▸ Task requirements
Pictures aside, the output must consist of the lines from the one containing "LEGO Rugzak Boekentas" through the end of the data, reproduced exactly.

▸ Records for this exercise
··········

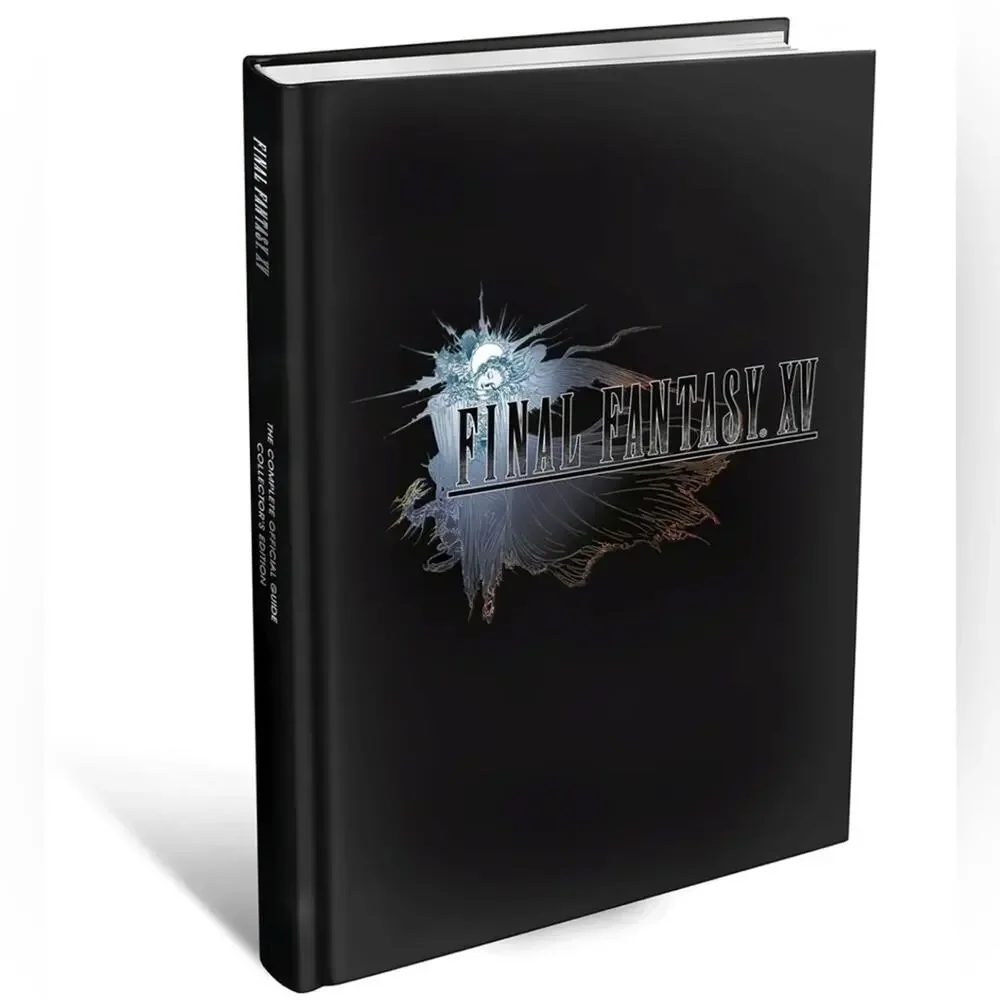 Final Fantasy XV The Complete Official Guide Collector's Sealed Book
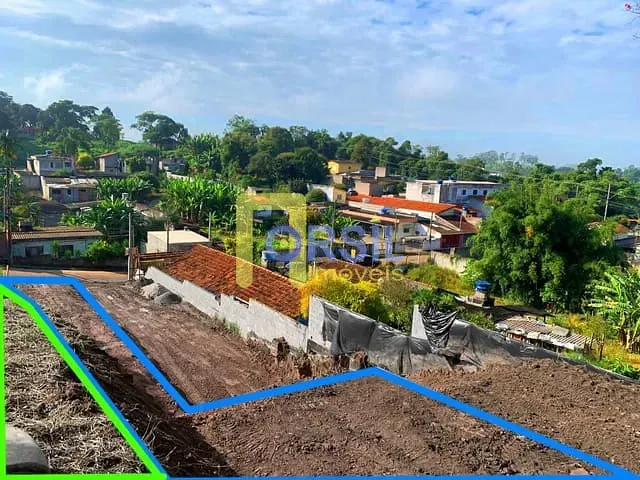 Terreno com 243m², à venda, no bairro Vila São Paulo em Mogi das Cruzes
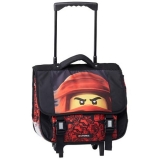 LEGO Rugzak Boekentas Trolley Ninjago Red Kai
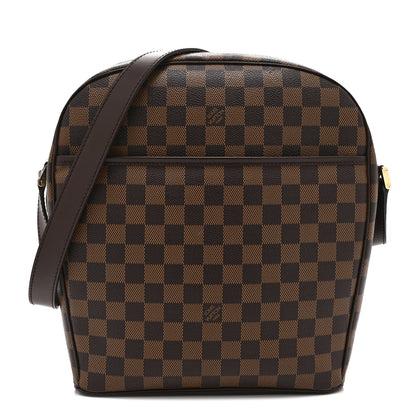 Damier Ebene Ipanema Gm Handbag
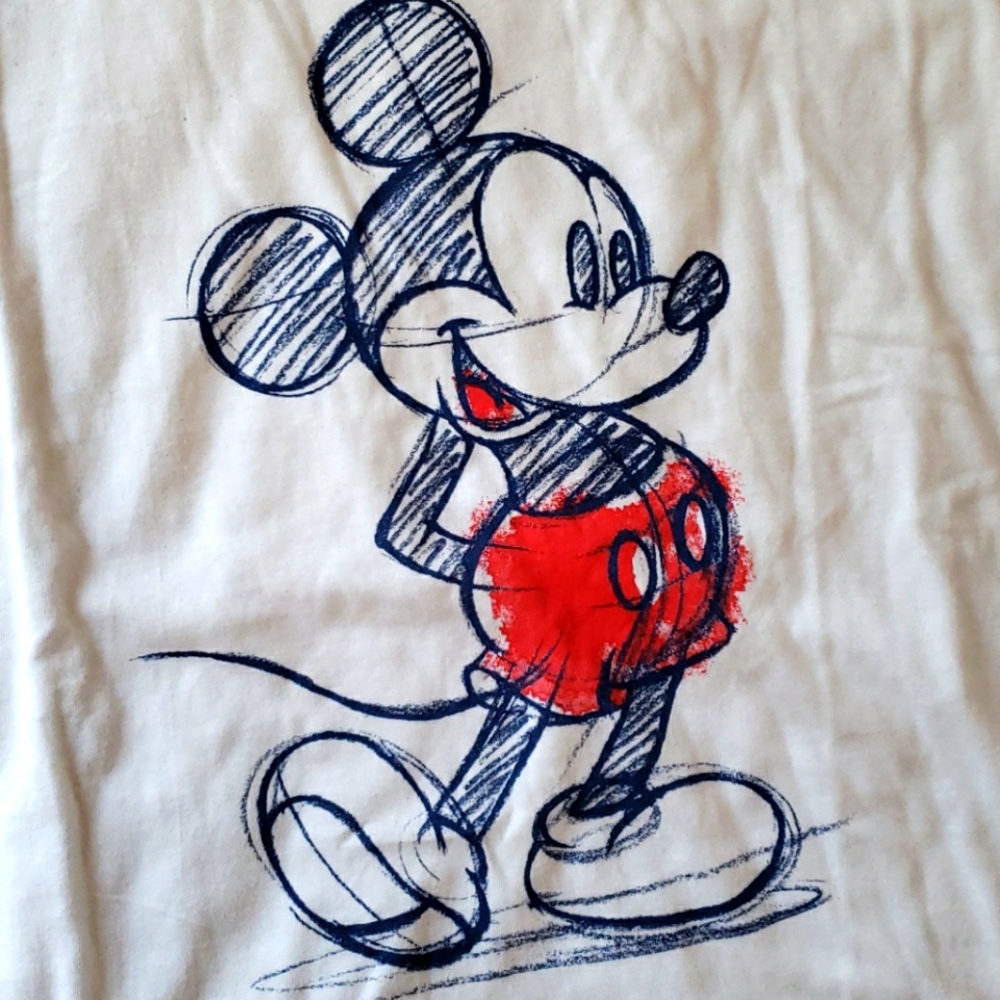 Disney Mickey Mouse sketch shirt - Picture 2 of 4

··········

▸ Answer for this exercise
 LEGO Rugzak Boekentas Trolley Ninjago Red Kai
 Damier Ebene Ipanema Gm Handbag
 Disney Mickey Mouse sketch shirt - Picture 2 of 4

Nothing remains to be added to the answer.